GIVEN RECORDS Block Start

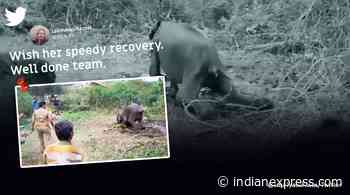 How forest officials treated an elephant for parasitic worms. Watch video - The Indian Express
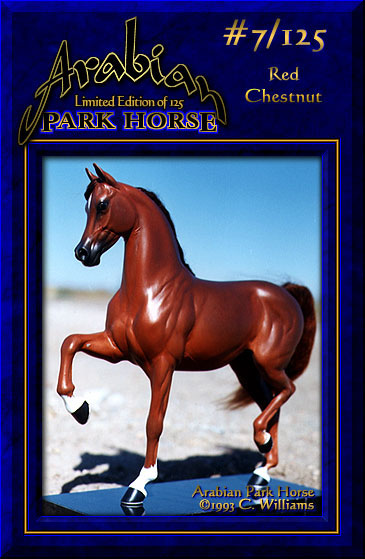 Arabian Park Horse #7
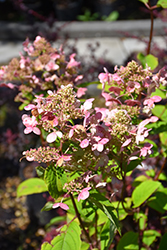 Fire And Ice Hydrangea (Hydrangea paniculata 'Wim's Red') at Millcreek Nursery Ltd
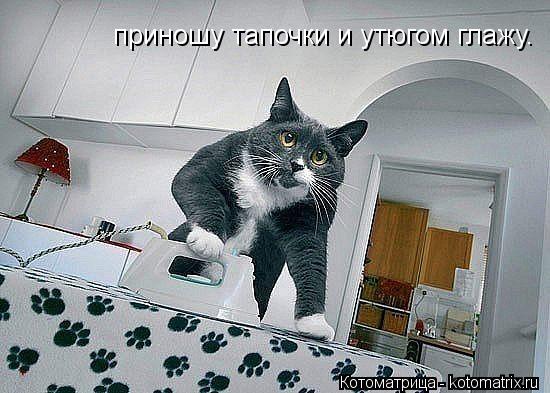 Котоматрица: приношу тапочки и утюгом глажу.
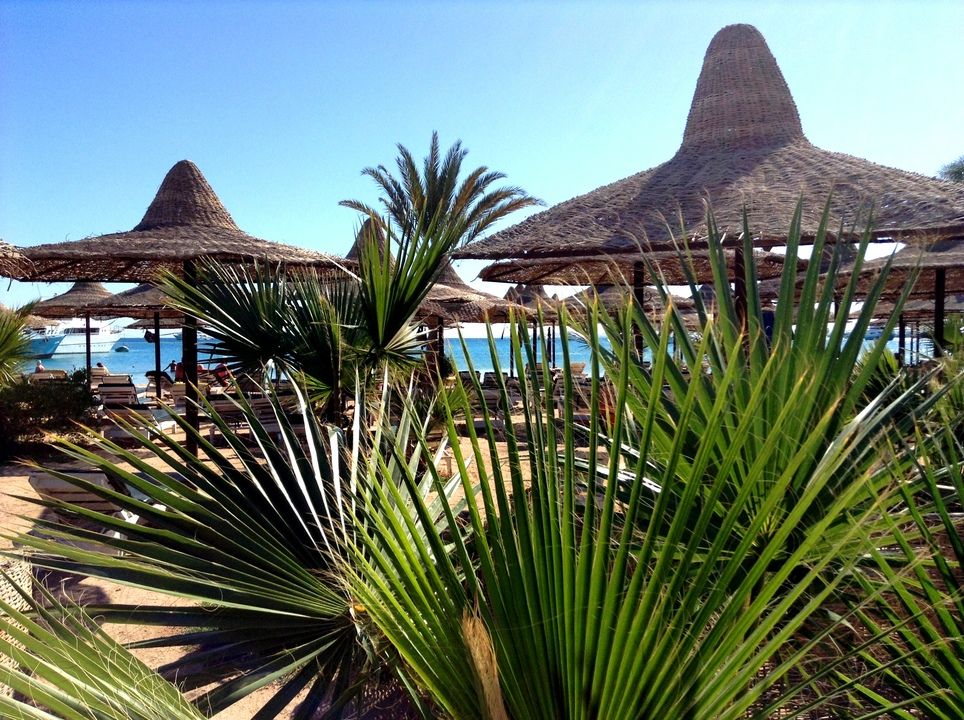 Hôtel Giftun Azur Resort 4* pas cher photo 11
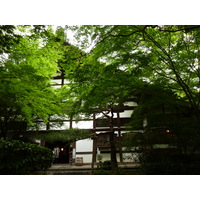 รูปถ่าย ญี่ปุ่น(Japan) เกียวโต(Kyoto) วัดเรียวอันจิ(Ryoanji Temple) 2010-06 71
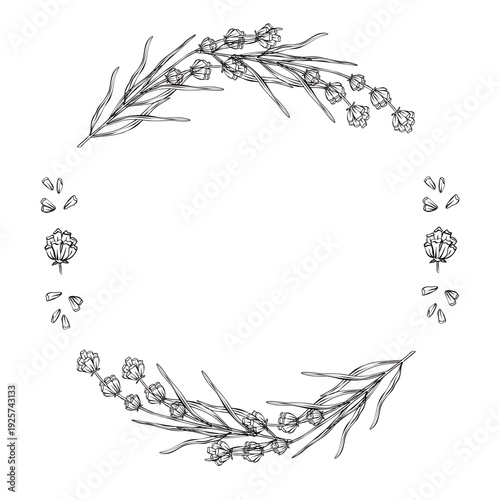 Lavender vector floral frame line art. hand drawn botanical border with lavender branches and flowers, minimal outline design for wedding invitation and cosmetic packaging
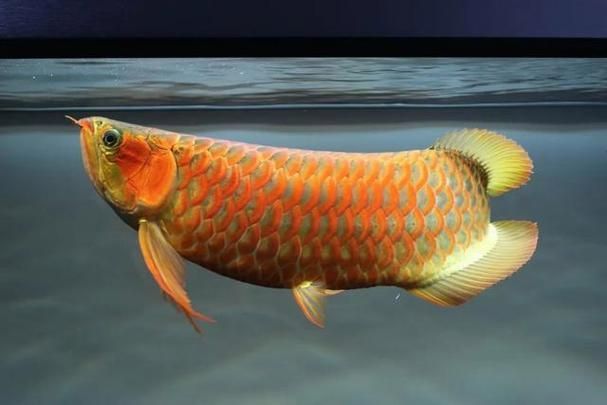 南昌龍魚批發(fā)市場有哪些知名商戶？，南昌龍魚市場商戶對比表
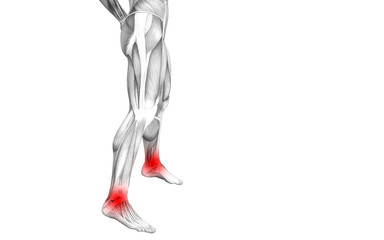 Conceptual ankle human anatomy with red hot spot inflammation or articular joint pain for leg health care therapy or sport muscle concepts. 3D illustration man arthritis or bone osteoporosis disease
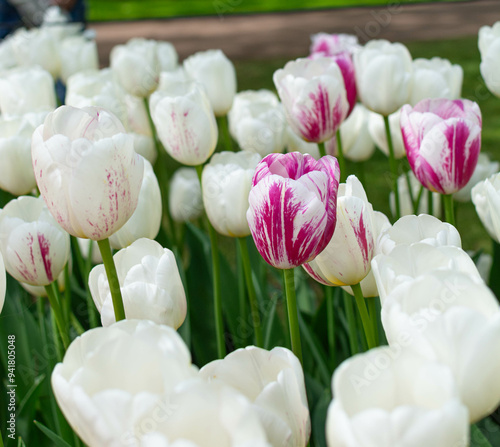 pink and white tulips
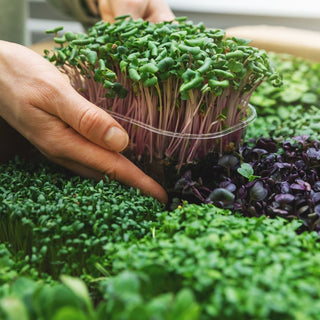 MicroGreens GrowHub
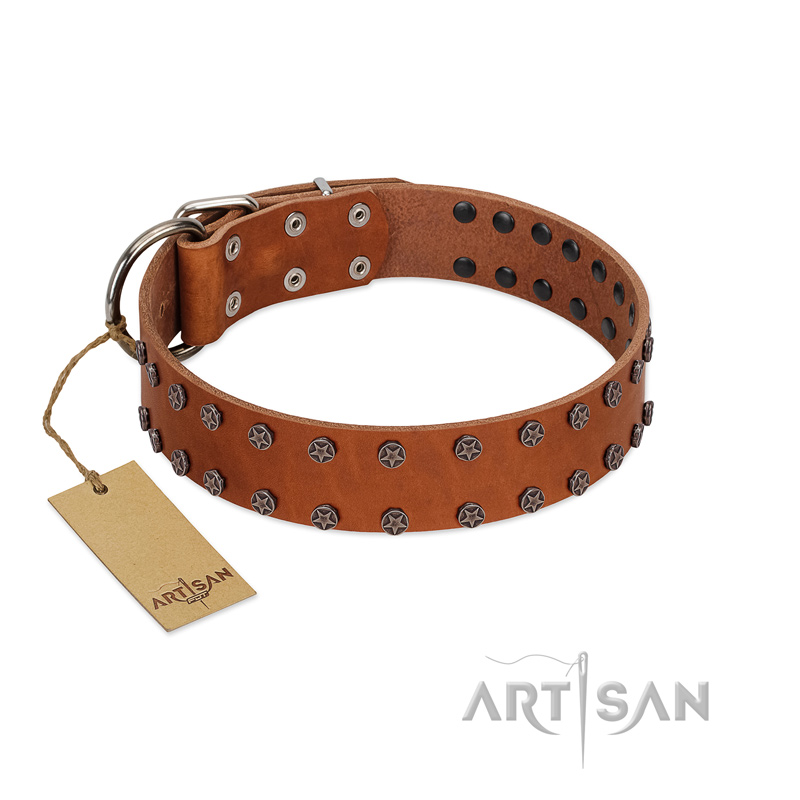 "Star Light" Stylish FDT Artisan Tan Leather Labrador Collar with Silver-Like Studs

GIVEN RECORDS Block End

Here the job is to output the lines from the top of the listing through the line holding "Lavender vector floral", word for word and without pictures.

 How forest officials treated an elephant for parasitic worms. Watch video - The Indian Express
 Arabian Park Horse #7
 Fire And Ice Hydrangea (Hydrangea paniculata 'Wim's Red') at Millcreek Nursery Ltd
 Котоматрица: приношу тапочки и утюгом глажу.
 Hôtel Giftun Azur Resort 4* pas cher photo 11
 รูปถ่าย ญี่ปุ่น(Japan) เกียวโต(Kyoto) วัดเรียวอันจิ(Ryoanji Temple) 2010-06 71
 Lavender vector floral frame line art. hand drawn botanical border with lavender branches and flowers, minimal outline design for wedding invitation and cosmetic packaging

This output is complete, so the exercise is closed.